*** DATA FOR REVIEW ***

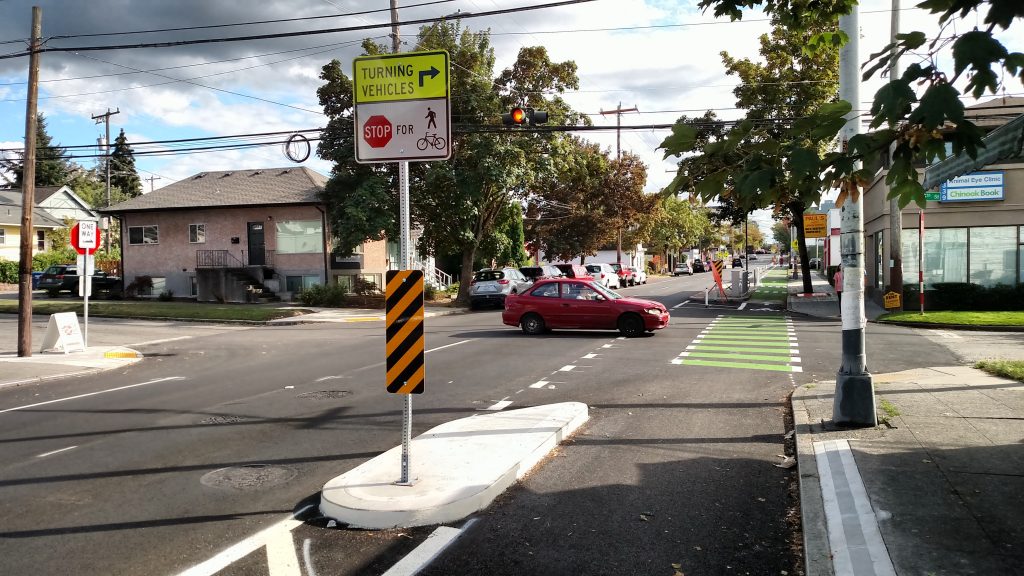 A diverter island near an intersection to give separation and protection for bikes from right turning motorized vehicles.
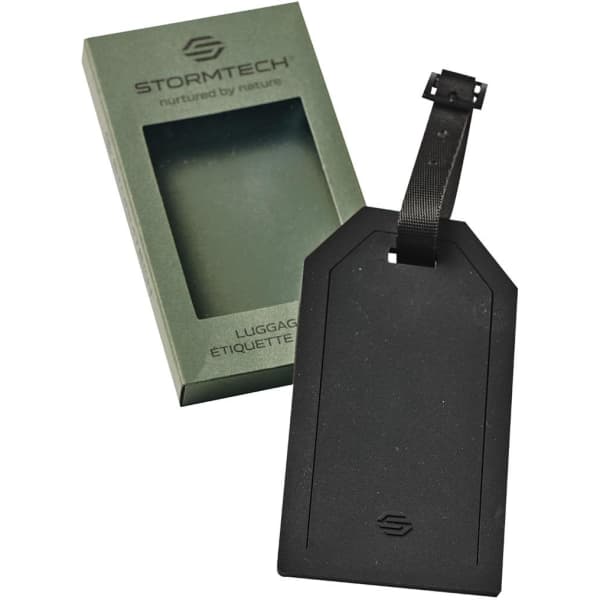 A black luggage tag with a textured surface, packaged in a green box, featuring a logo.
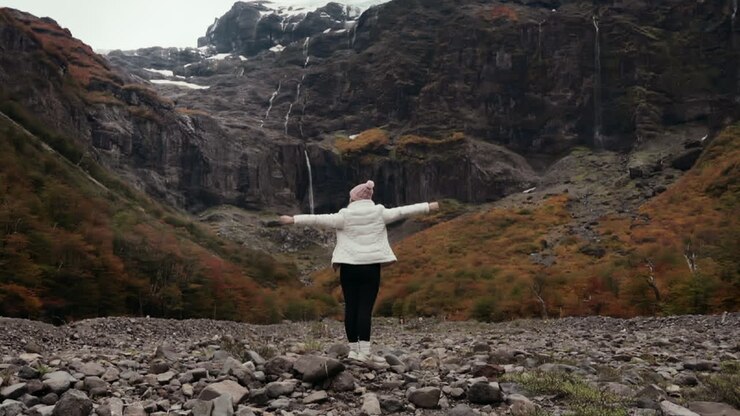 Travel woman raises her hands in beautiful landscape with waterfall and mountains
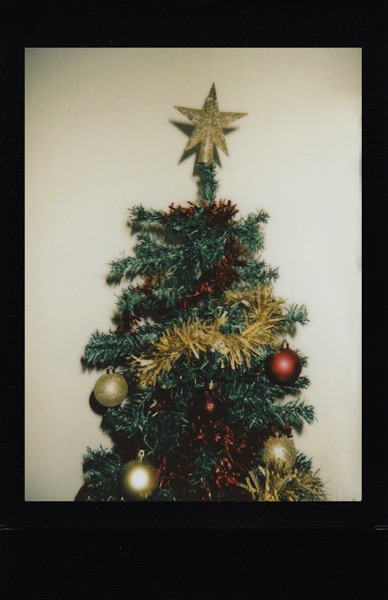 A photo of the top part of what appears to be a plastic Christmas tree. The tree has red and gold garland, red and gold round ornaments, and a glittery star on the top. The photo is bordered by a black frame. Photo by Lisa on Pexels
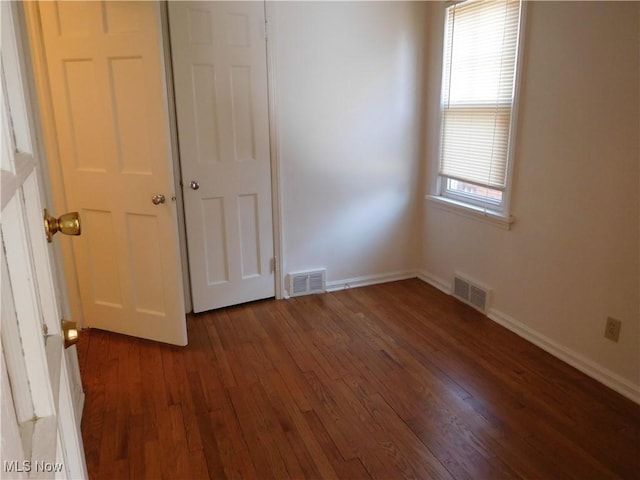 13698 Cedar, University Heights, OH 44118 - unfurnished bedroom featuring wood finished floors and baseboards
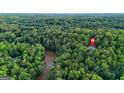 Expansive aerial view of property and mature forest with a nearby river offering both privacy and natural beauty at 2878 Heather Row Sw Rdg, Lilburn, GA 30047
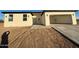 Modern home with stucco exterior, a spacious three-car garage, and desert landscaping at 3627 W Palmaire Ave, Phoenix, AZ 85051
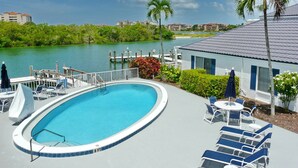 A swimming pool with lounge chairs and umbrellas, surrounded by greenery and a body of water. - Incredible Waterfront View, Pool, Dolphins, Fishing, Docks, Snook Inn 1 block up (Marco Island)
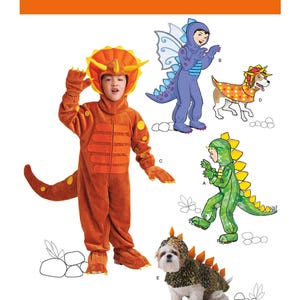 May include: Simplicity pattern 1765 features children's and pet costumes. The image shows a child in an orange dinosaur costume, a child in a purple fairy costume, a dog in a spotted costume, a child in a green dinosaur costume, and a dog in a dinosaur costume.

***

- TASK DESCRIPTION
Set down each record above exactly as it stands and leave out all pictures.

- WRITTEN ANSWER
 A diverter island near an intersection to give separation and protection for bikes from right turning motorized vehicles.
 A black luggage tag with a textured surface, packaged in a green box, featuring a logo.
 Travel woman raises her hands in beautiful landscape with waterfall and mountains
 A photo of the top part of what appears to be a plastic Christmas tree. The tree has red and gold garland, red and gold round ornaments, and a glittery star on the top. The photo is bordered by a black frame. Photo by Lisa on Pexels
 13698 Cedar, University Heights, OH 44118 - unfurnished bedroom featuring wood finished floors and baseboards
 Expansive aerial view of property and mature forest with a nearby river offering both privacy and natural beauty at 2878 Heather Row Sw Rdg, Lilburn, GA 30047
 Modern home with stucco exterior, a spacious three-car garage, and desert landscaping at 3627 W Palmaire Ave, Phoenix, AZ 85051
 A swimming pool with lounge chairs and umbrellas, surrounded by greenery and a body of water. - Incredible Waterfront View, Pool, Dolphins, Fishing, Docks, Snook Inn 1 block up (Marco Island)
 May include: Simplicity pattern 1765 features children's and pet costumes. The image shows a child in an orange dinosaur costume, a child in a purple fairy costume, a dog in a spotted costume, a child in a green dinosaur costume, and a dog in a dinosaur costume.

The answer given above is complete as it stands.